Sorry if this is redundant, but a rather deep search for intertubes did not show anything meaningful here.
I have a row from a (chemical) database where delimiters (commas) sometimes appear in elements that I hope to separate. Example string
s = '2-Methyl-3-phythyl-1,4-naphthochinon,Vitamin, K1,Antihemorrhagic vitamin'
The correct split in this case will give
splitS = ['2-Methyl-3-phythyl-1,4-naphthochinon', 'Vitamin, K1', 'Antihemorrhagic vitamin']
I believe that the most accurate way I can do this is to break it into commas that do not have spaces next to the comma, and which are not further surrounded by two numbers. This would leave cases like "1.4" and "Vitamin, K1", but split the string into the correct 3 chemical names.
I tried using RE unsuccessfully. I can post some of what I tried, but it is almost useless. Help is much appreciated.
EDIT: Had to include this initially.

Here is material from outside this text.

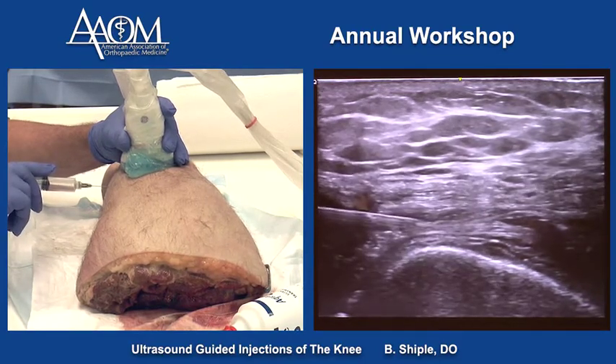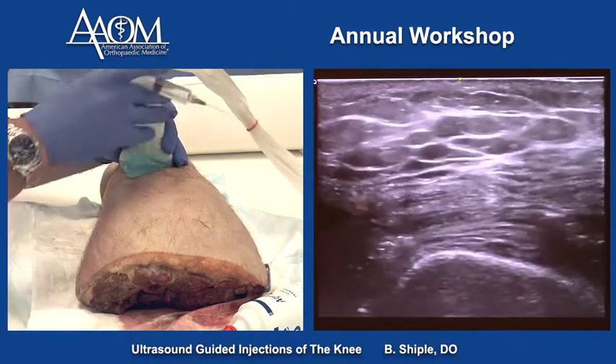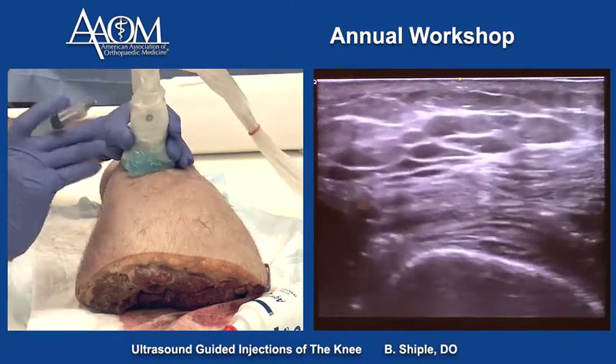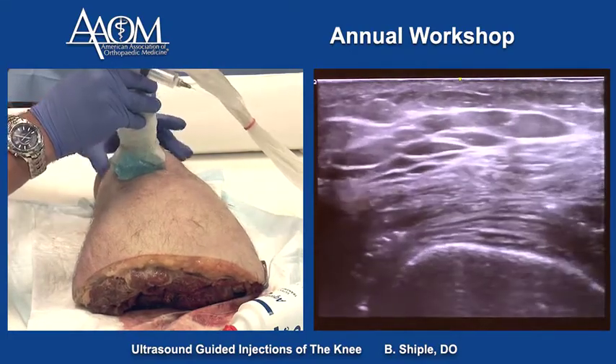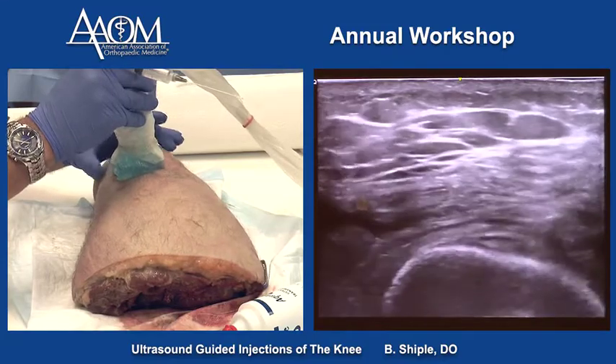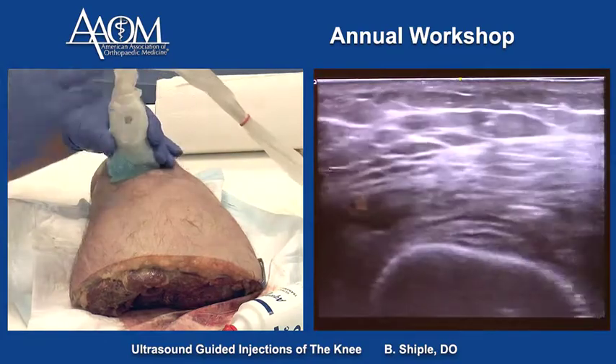There's no visible expansion of the fat pad or the quadriceps tendon, so I'm in the joint. That is the suprapatellar pouch injection technique to get into the knee joint without putting the hyaline cartilage at risk — unlike the classic Jackson technique, the anterior portals, or the classic Hackett-Hemwell technique that we're taught.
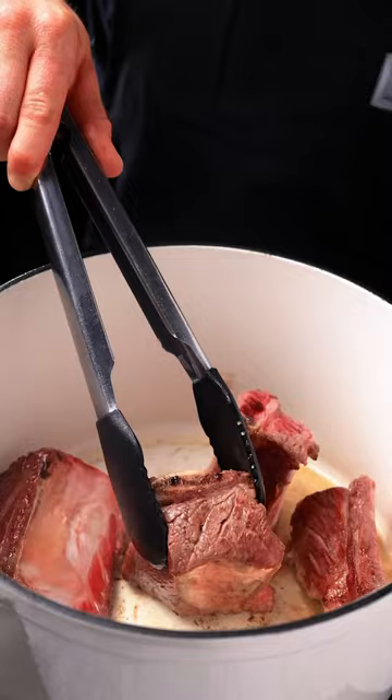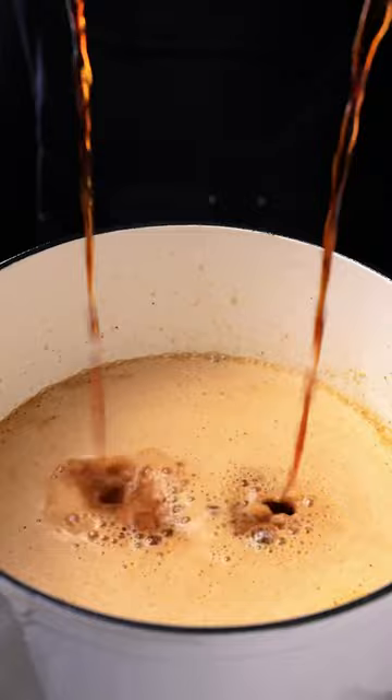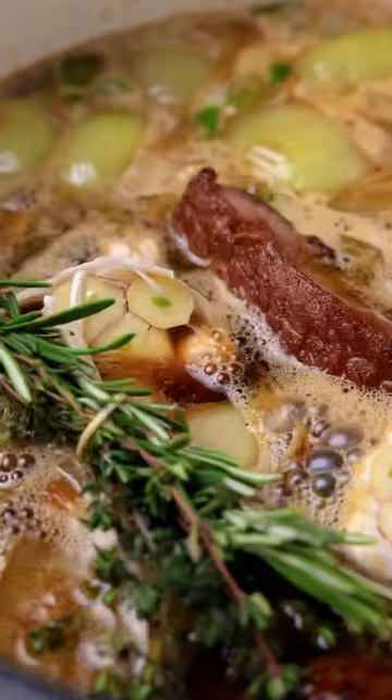First, we're going to sear the ribs until they get a nice crispy crust and set aside. Add the veggies and cook until soft. Then add the broth, oatmeal stout, peppercorns, brown sugar, short ribs, garlic and herbs, and bring to a simmer. Cook in the oven at 350 for three hours.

Through some of my hacks, and from a more elegant solution from @Borealid, I correctly identified the places for splitting, but I get a disgusting result, for example
>>> s = '2-Methyl-3-phythyl-1,4-naphthochinon,Vitamin, K1,Antihemorrhagic vitamin' >>> pat = re.compile("([^\d\s],[^\d\s])|([^\s],[^\d\s])|([^\d\s],[^\s])") >>> re.split(pat, s) ['2-Methyl-3-phythyl-1,4-naphthochino', 'n,V', None, None, 'itamin, K', None, '1,A', None, 'ntihemorrhagic vitamin']
It seems like there should be a way to first determine the correct commas to separate, and then split only by a comma to avoid damaging the names.
Thanks again